IMG_2145 by Nick Brennan, on Flickr

IMG_2217 by Nick Brennan, on Flickr

IMG_2209 by Nick Brennan, on Flickr

IMG_2028 by Nick Brennan, on Flickr


----------



## bradleymarky (Nov 29, 2013)

Glad you enjoyed yourself.


----------



## NickTB (Feb 4, 2007)

bradleymarky said:


> Glad you enjoyed yourself.


Thanks it was a learning curve


----------



## bigmac3161 (Jul 24, 2013)

Did it work has it been cancelled


Sent from my iPhone using Tapatalk


----------



## Shiny (Apr 23, 2007)

Some great pics. No. 4 is superb.

Is that Les Dennis taking a phone pic in no.3


----------



## NickTB (Feb 4, 2007)

Hahahaha I just noticed that!


----------



## Rundie (Oct 2, 2007)

Still..........it was a day out for ya


----------



## camerashy (Feb 9, 2014)

:lol::lol::lol: Looks as if it was a nice day anyway judging by the blue sky in some of the photos.


----------



## bradleymarky (Nov 29, 2013)

Posted by mistake!


----------



## Andy from Sandy (May 6, 2011)

bigmac3161 said:


> Did it work has it been cancelled


lol

As if it was going to make a blind bit of difference.

Until something starts to affect the number of votes for a party don't look for any change of direction.

We don't like the result, can we have another go please?

They should perhaps ask the nearly 13million who didn't vote why?


----------



## Shiny (Apr 23, 2007)

This this the photography section though, it's not so much the subject that is important here, but the content. 

People photographing protests and the like are reporters, capturing a moment, they don't have to agree or disagree with the situation. 

I think Nick has done a great job.


----------



## NickTB (Feb 4, 2007)

I've been sitting here deliberately only replying to photographic comments.
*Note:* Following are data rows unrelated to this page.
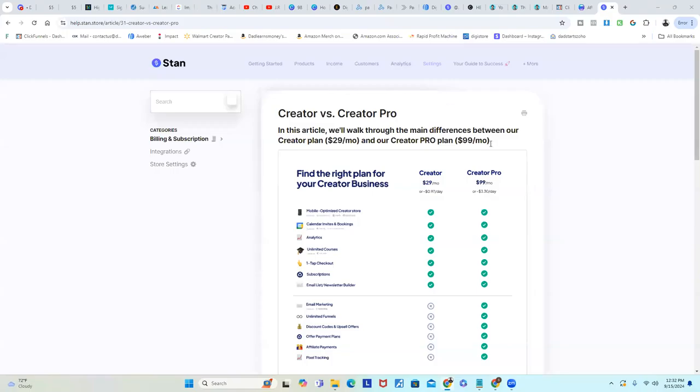What's up everybody, this is Ronnie, aka Dad Learns Money. I'm gonna make this video real quick. Right now everybody loves Stan Store, and Stan Store is great. I think it's a great platform for you to sell your digital products on. I think it's user-friendly and they've got a lot of things you can use in digital marketing, whatever you're trying to do online.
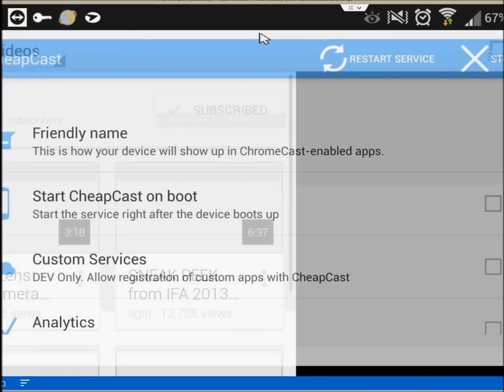Koushik Dutta of ClockworkMod and DeskSMS fame has demoed streaming from Dropbox, your phone's gallery, RSS video feeds, and more straight from CyanogenMod. In short, there are a lot of ways that Chromecast could get very exciting very fast.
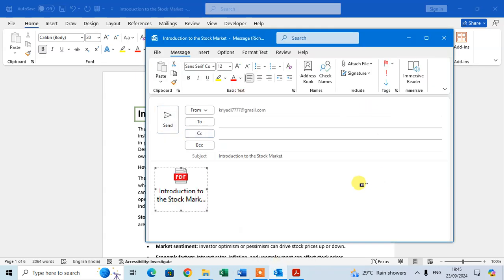Now you can share this Word document as a PDF quickly. Hope you understand. If you like this video, please subscribe to my channel. Thank you so much.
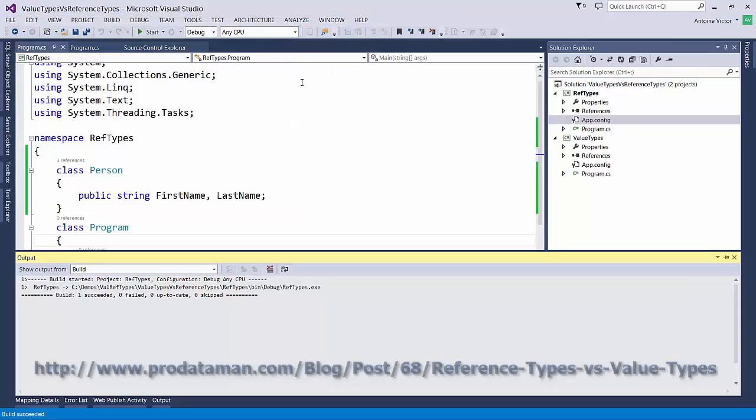Again, for detailed instructions on how to complete this demo, you can see the ValueTypes versus ReferenceTypes blog post on ProDataMan.com.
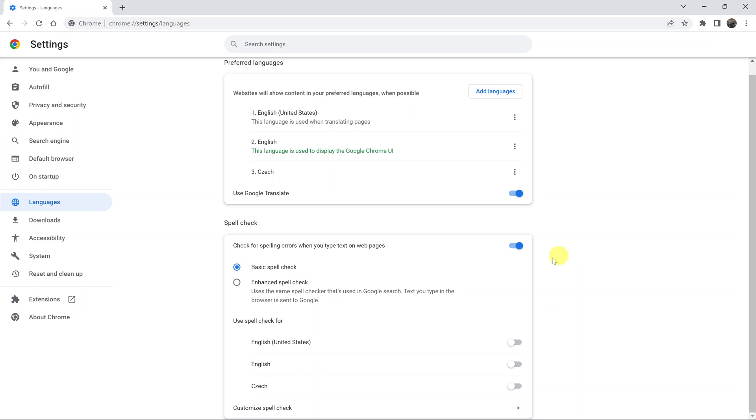After you enable spell check, you have a few more options. You can have the basic spell check or even enhanced spell check, which actually sends text to Google.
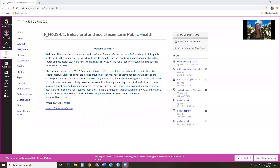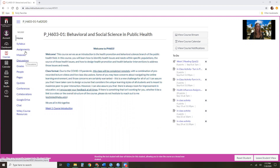Here you should see what the Canvas homepage looks like for Public Health 6 of 3. Along the side you're going to see some of the key content areas including assignment instructions, the syllabus, and the modules. The modules is where you will find the weekly content for the course.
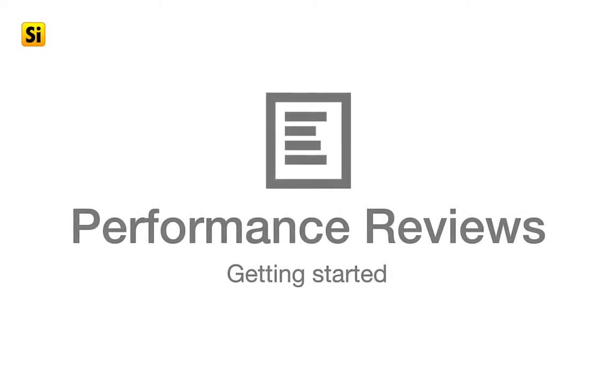In this video, I'll explain how to get the performance review process started. In Small Improvements, performance reviews are organized into cycles.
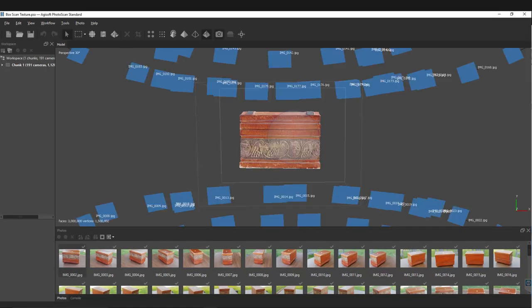Now I'm back at Agisoft. I'm gonna take that hi-res ZBrush model with the good UVs and reproject the texture that Agisoft has onto those UVs.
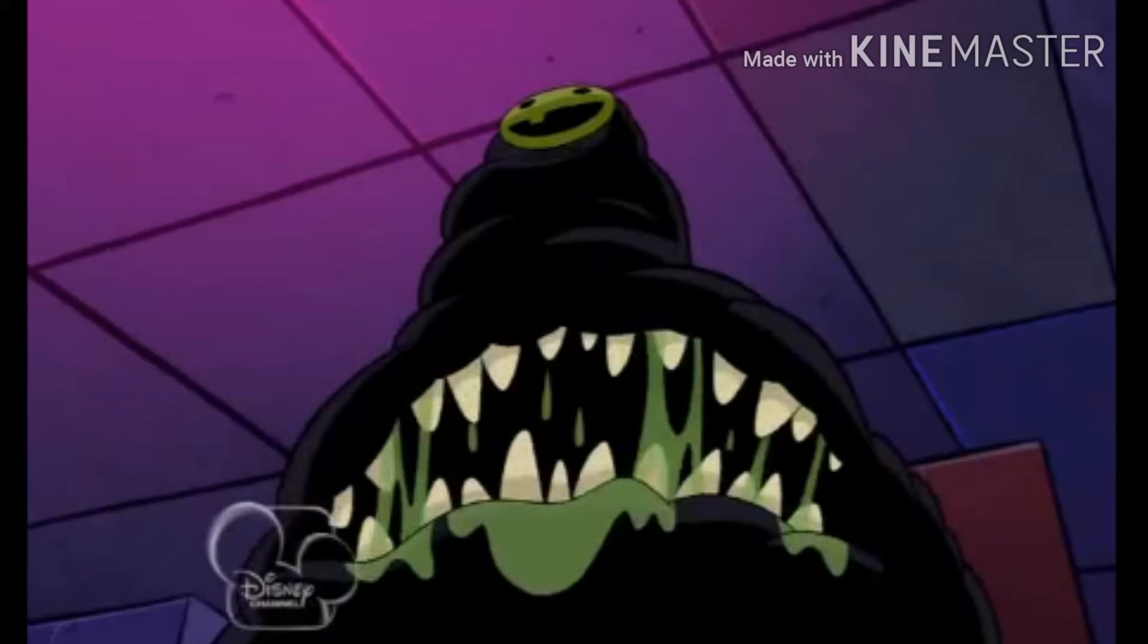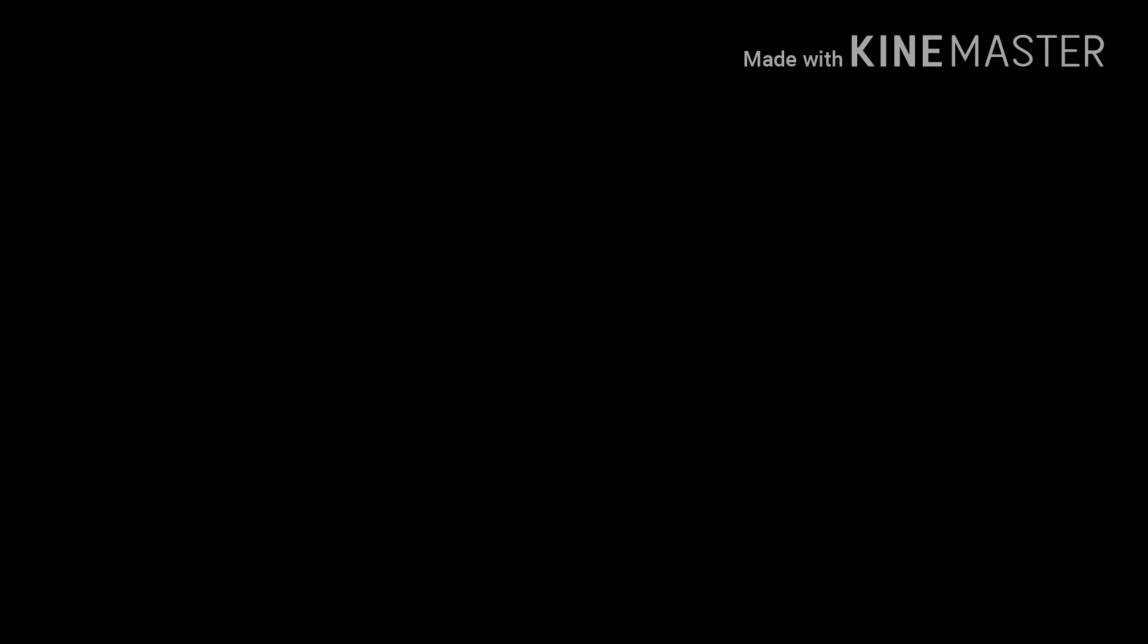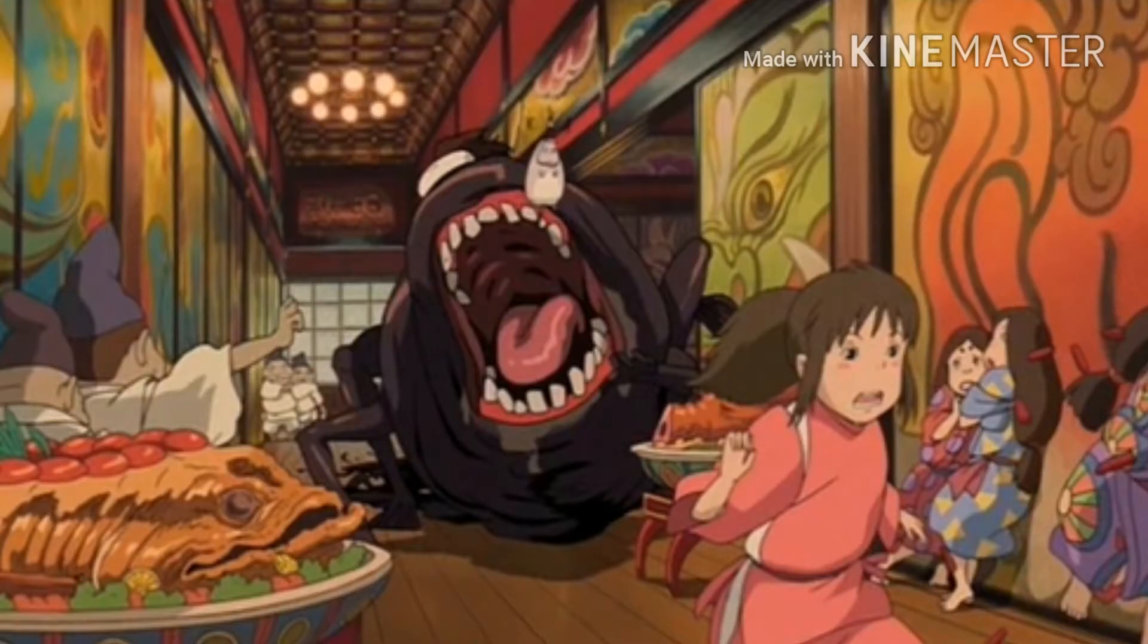In Spirited Away, No-Face actually tries to eat Chihiro, or whatever her name is, and fails because—I forgot exactly what happened—but she made him throw up everything. This was because of greed and stuff.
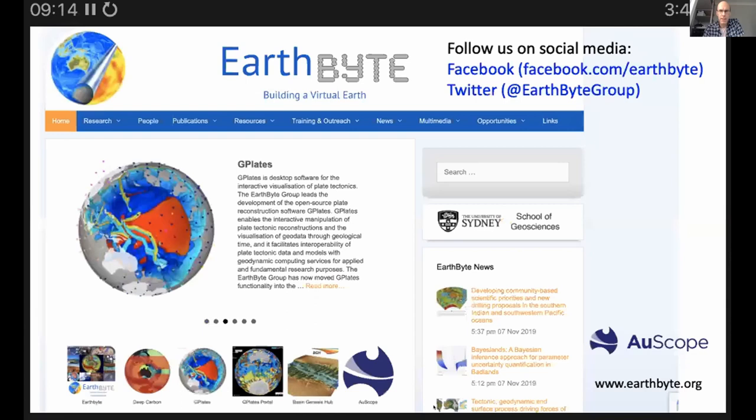GPlates is developed in the EarthByte group at the University of Sydney and is funded by AuScope. There's also the GPlates Web Portal, which has 3D visualization so you can view different research data in a 3D globe. It also has a web service where you can provide your data — your points, for example — and it will reconstruct them to past geological times.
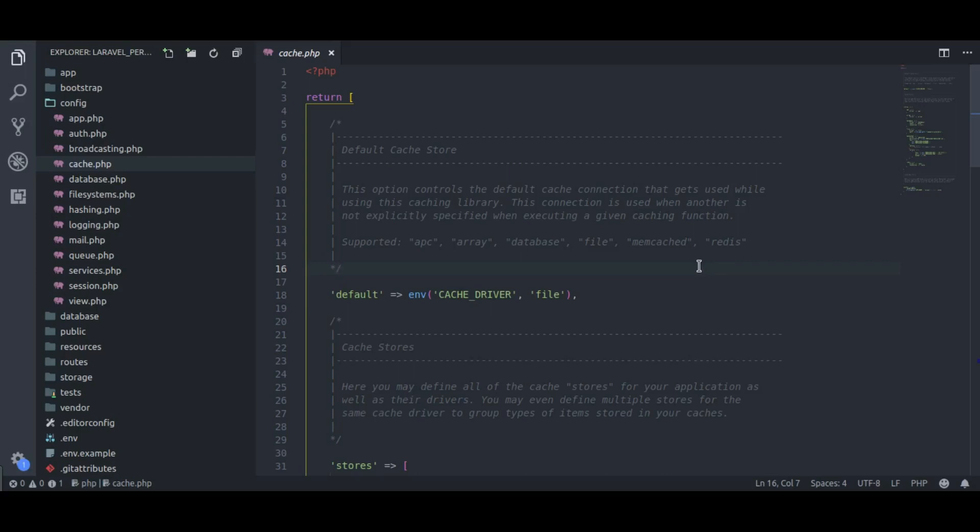In Laravel, cache works like a key-value store and will save data into RAM. Because this is so fast, we often save a lot of time by retrieving data from cache instead of hitting the database every time we need some data.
I'm sure There's lots of threads dedicated to Brexit in off topic.


----------



## bigmac3161 (Jul 24, 2013)

Chill folks ''twas only a joke the world hasn't ended cause of it. 


Sent from my iPhone using Tapatalk


----------



## okcharlie (Jun 29, 2010)

Nice set Nick.....esp like the last two. 😉


----------



## Mikesphotaes (Jul 24, 2016)

Clock and flag the best one for me.


----------



## Andy from Sandy (May 6, 2011)

My apologies, I didn't look at the section you are in.

I guess the last one is I am taking my toys and going home?


----------